PROVIDED DATA: Begin

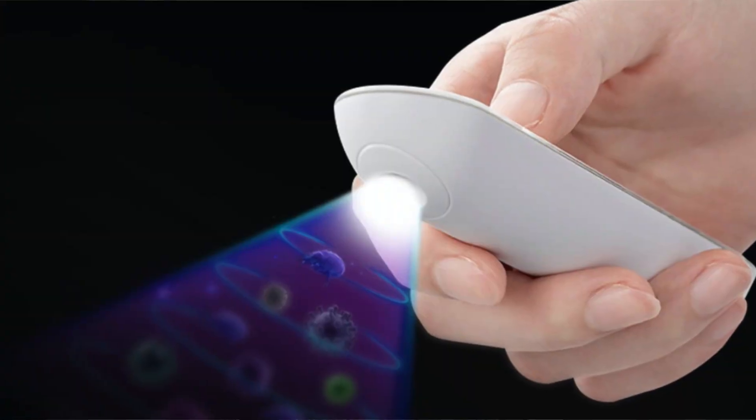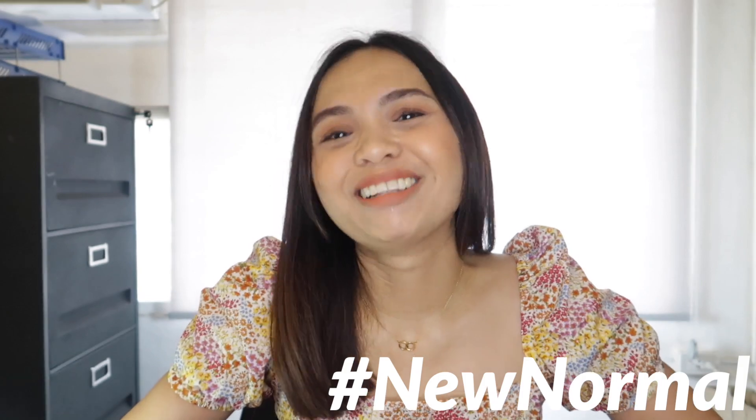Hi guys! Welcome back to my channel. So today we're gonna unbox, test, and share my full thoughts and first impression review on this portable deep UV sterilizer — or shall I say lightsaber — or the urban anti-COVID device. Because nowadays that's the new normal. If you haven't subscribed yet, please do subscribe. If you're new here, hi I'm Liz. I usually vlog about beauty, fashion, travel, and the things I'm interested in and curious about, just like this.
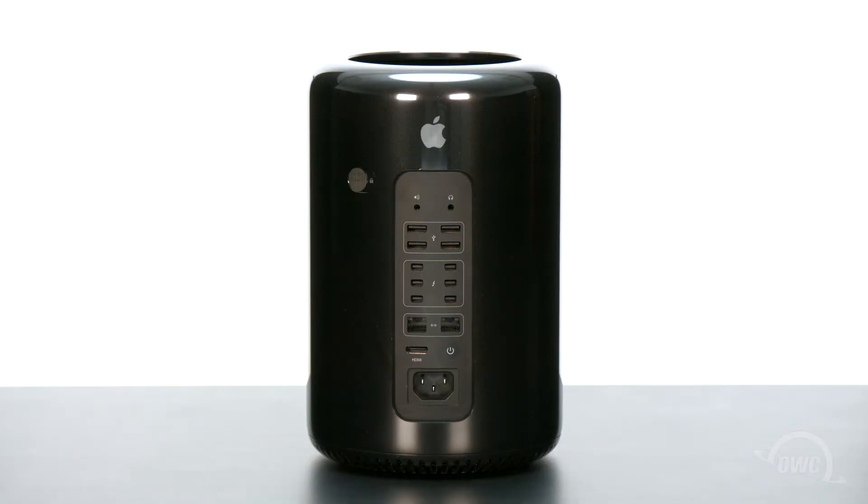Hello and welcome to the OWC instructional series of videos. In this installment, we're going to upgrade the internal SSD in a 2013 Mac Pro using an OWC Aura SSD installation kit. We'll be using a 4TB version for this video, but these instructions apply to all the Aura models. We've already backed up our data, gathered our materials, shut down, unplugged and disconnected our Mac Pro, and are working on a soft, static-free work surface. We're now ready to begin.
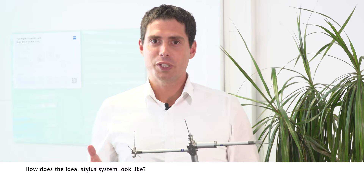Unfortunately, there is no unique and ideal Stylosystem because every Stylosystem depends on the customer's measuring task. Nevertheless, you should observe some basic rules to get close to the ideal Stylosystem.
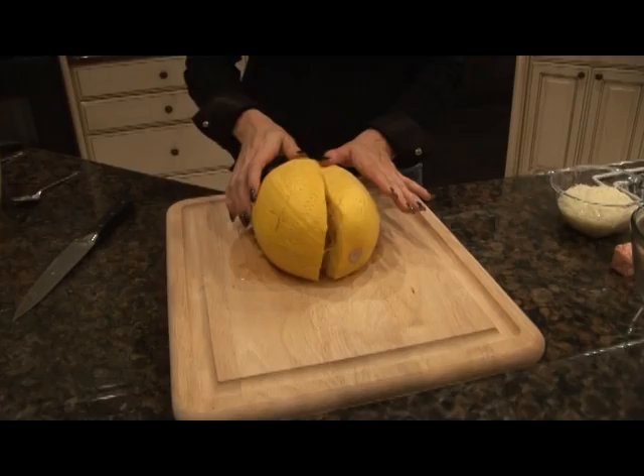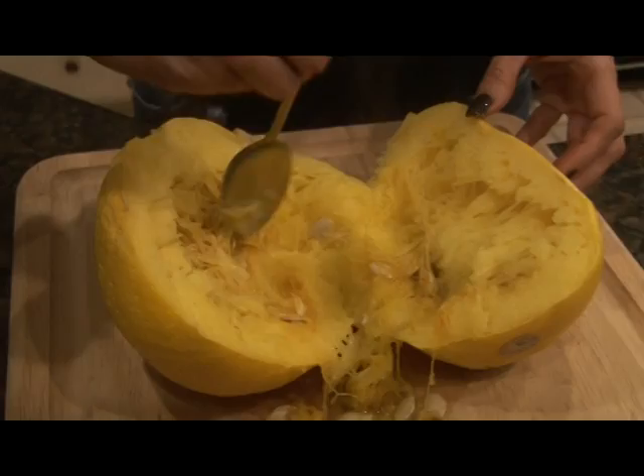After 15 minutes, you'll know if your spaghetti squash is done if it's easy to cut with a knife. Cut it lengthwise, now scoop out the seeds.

PROVIDED DATA: End
PROVIDED DATA: Begin

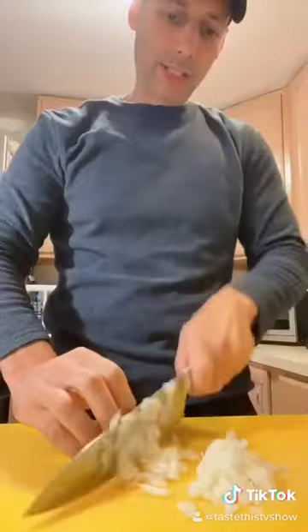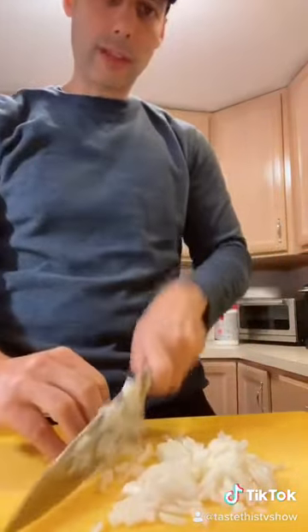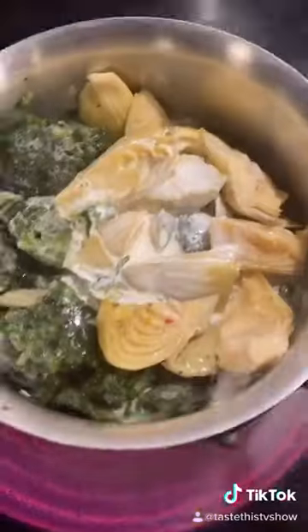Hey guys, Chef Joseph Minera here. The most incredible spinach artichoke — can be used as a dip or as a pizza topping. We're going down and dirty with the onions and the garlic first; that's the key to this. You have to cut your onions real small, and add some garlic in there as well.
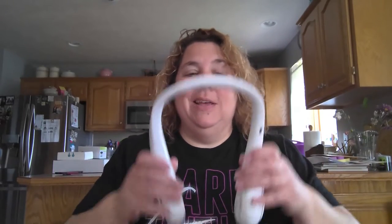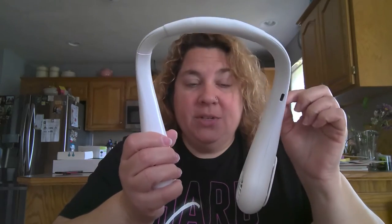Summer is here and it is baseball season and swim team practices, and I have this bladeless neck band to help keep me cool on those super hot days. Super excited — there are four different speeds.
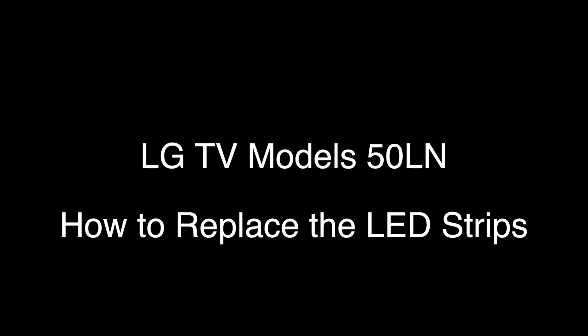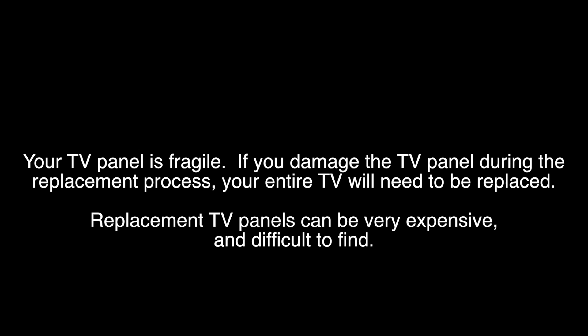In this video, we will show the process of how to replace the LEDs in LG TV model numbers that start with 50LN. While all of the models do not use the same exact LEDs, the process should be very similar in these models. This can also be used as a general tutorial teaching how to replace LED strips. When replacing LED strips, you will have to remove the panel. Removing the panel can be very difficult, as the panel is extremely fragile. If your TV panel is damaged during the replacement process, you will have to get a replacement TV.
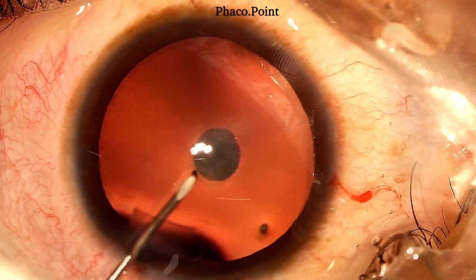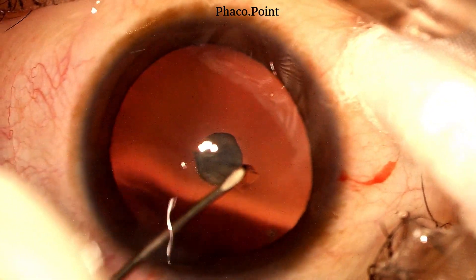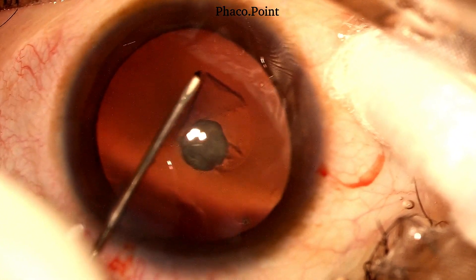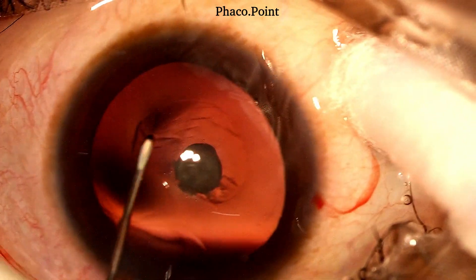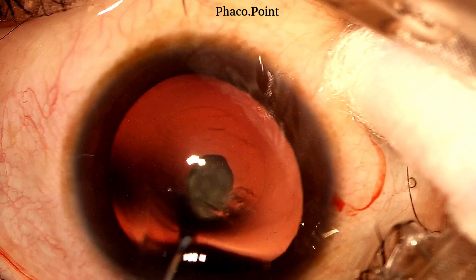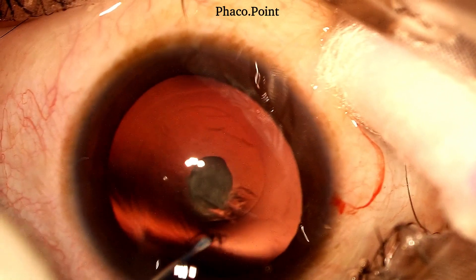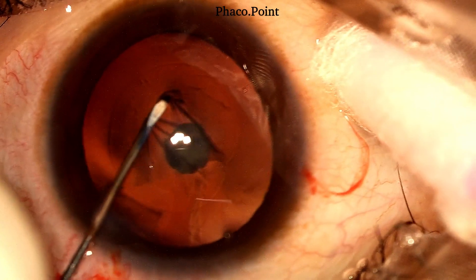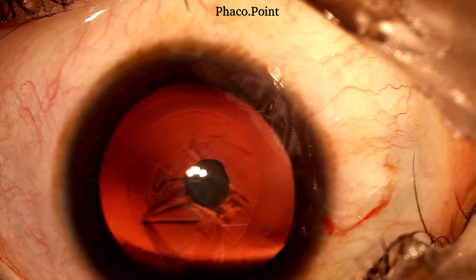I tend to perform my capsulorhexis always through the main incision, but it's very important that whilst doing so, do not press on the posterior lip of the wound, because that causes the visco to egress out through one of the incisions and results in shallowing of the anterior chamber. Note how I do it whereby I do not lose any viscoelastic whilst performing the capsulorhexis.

PROVIDED DATA: End

[WORK ITEM]: Copy only this from above: the line containing "Unfortunately, there is", the line containing "After 15 minutes, you'll", and all lines between, printed exactly. Leave out the pictures.

[ANSWER SECTION]:
Unfortunately, there is no unique and ideal Stylosystem because every Stylosystem depends on the customer's measuring task. Nevertheless, you should observe some basic rules to get close to the ideal Stylosystem.
After 15 minutes, you'll know if your spaghetti squash is done if it's easy to cut with a knife. Cut it lengthwise, now scoop out the seeds.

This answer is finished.